There are two types that are more unncommon that we will cover:
* `tuple` - similar to a list but cannot be changed after creation
* `set` - an unordered collection of unique objects (no duplicates)

To determine what type an object is, you can use the `type` function. 
Another useful function is the dir function, which returns the attributes of the object, which includes attributes as well as methods.
To change the type of an object, you can use the type as a function like below. It will return an error if it is unable to recast as that type.

In [1]:
# Getting the type of 10
print(type(10))
# re-casting a float as an integer
# Note that recasting a float as an integer truncates everything after the decimal point
print(int(45.6))

<class 'int'>
45


In [1]:
# You can also use dir to get all the built in methods of a function
dir(int)

['__abs__',
 '__add__',
 '__and__',
 '__bool__',
 '__ceil__',
 '__class__',
 '__delattr__',
 '__dir__',
 '__divmod__',
 '__doc__',
 '__eq__',
 '__float__',
 '__floor__',
 '__floordiv__',
 '__format__',
 '__ge__',
 '__getattribute__',
 '__getnewargs__',
 '__gt__',
 '__hash__',
 '__index__',
 '__init__',
 '__init_subclass__',
 '__int__',
 '__invert__',
 '__le__',
 '__lshift__',
 '__lt__',
 '__mod__',
 '__mul__',
 '__ne__',
 '__neg__',
 '__new__',
 '__or__',
 '__pos__',
 '__pow__',
 '__radd__',
 '__rand__',
 '__rdivmod__',
 '__reduce__',
 '__reduce_ex__',
 '__repr__',
 '__rfloordiv__',
 '__rlshift__',
 '__rmod__',
 '__rmul__',
 '__ror__',
 '__round__',
 '__rpow__',
 '__rrshift__',
 '__rshift__',
 '__rsub__',
 '__rtruediv__',
 '__rxor__',
 '__setattr__',
 '__sizeof__',
 '__str__',
 '__sub__',
 '__subclasshook__',
 '__truediv__',
 '__trunc__',
 '__xor__',
 'bit_length',
 'conjugate',
 'denominator',
 'from_bytes',
 'imag',
 'numerator',
 'real',
 'to_bytes']

## Immutable vs mutable types
One of the most important and confusing things about python is immutable vs mutable types. Simply put, immutable types cannot be changed once created, while mutable objects can.
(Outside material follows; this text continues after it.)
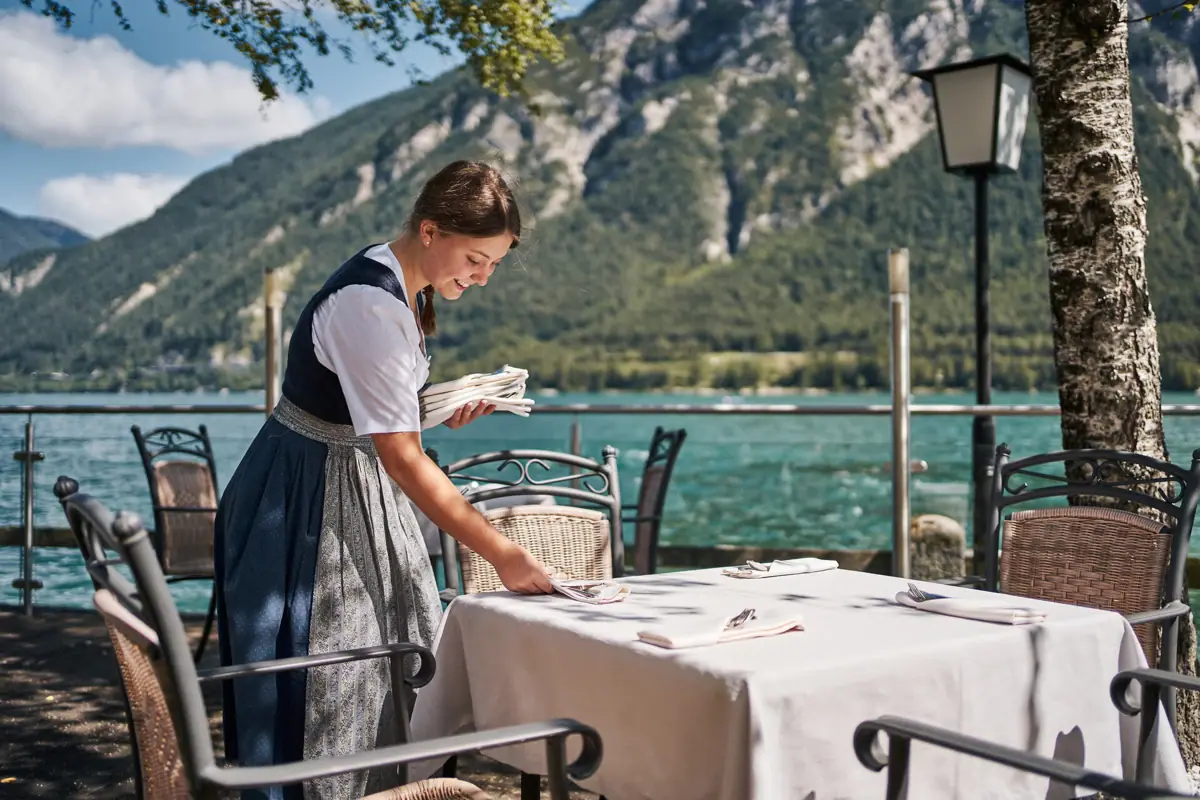 Outdoor area Achensee A woman in a dress standing at a table by the lake achensee.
This may seem like an unimportant detail but can cause misunderstandings when coupled with how variables are assigned. `int`,`float`,`str`,`bool`, and `tuple` are immutable, while `list`, `dict`, and `set` are mutable. 

When assigning variables, you are not actually creating a new object, but simply stating that the variable references that object. You can think of it almost like creating a shortcut in for a file or a folder. For example, if I say `x = 1`. This says x references the object "1". If I then say `x = x + 1`, it will now say that x references the object 2. We can determine this by using the `id` function, which returns the identity of the object that the variable is referencing.

In [2]:
x = 1
print(id(x))
x = x + 1
print(id(x))

94700992135808
94700992135840


Notice how the id has changed, since the object that x is now referencing is different. For immutable objects, this referencing is not an issue. However, this can cause some confusion for mutable objects. What if we create a list `x = [1,2,3]` and set `y = x`? We can see using `id` that x and y reference the same object.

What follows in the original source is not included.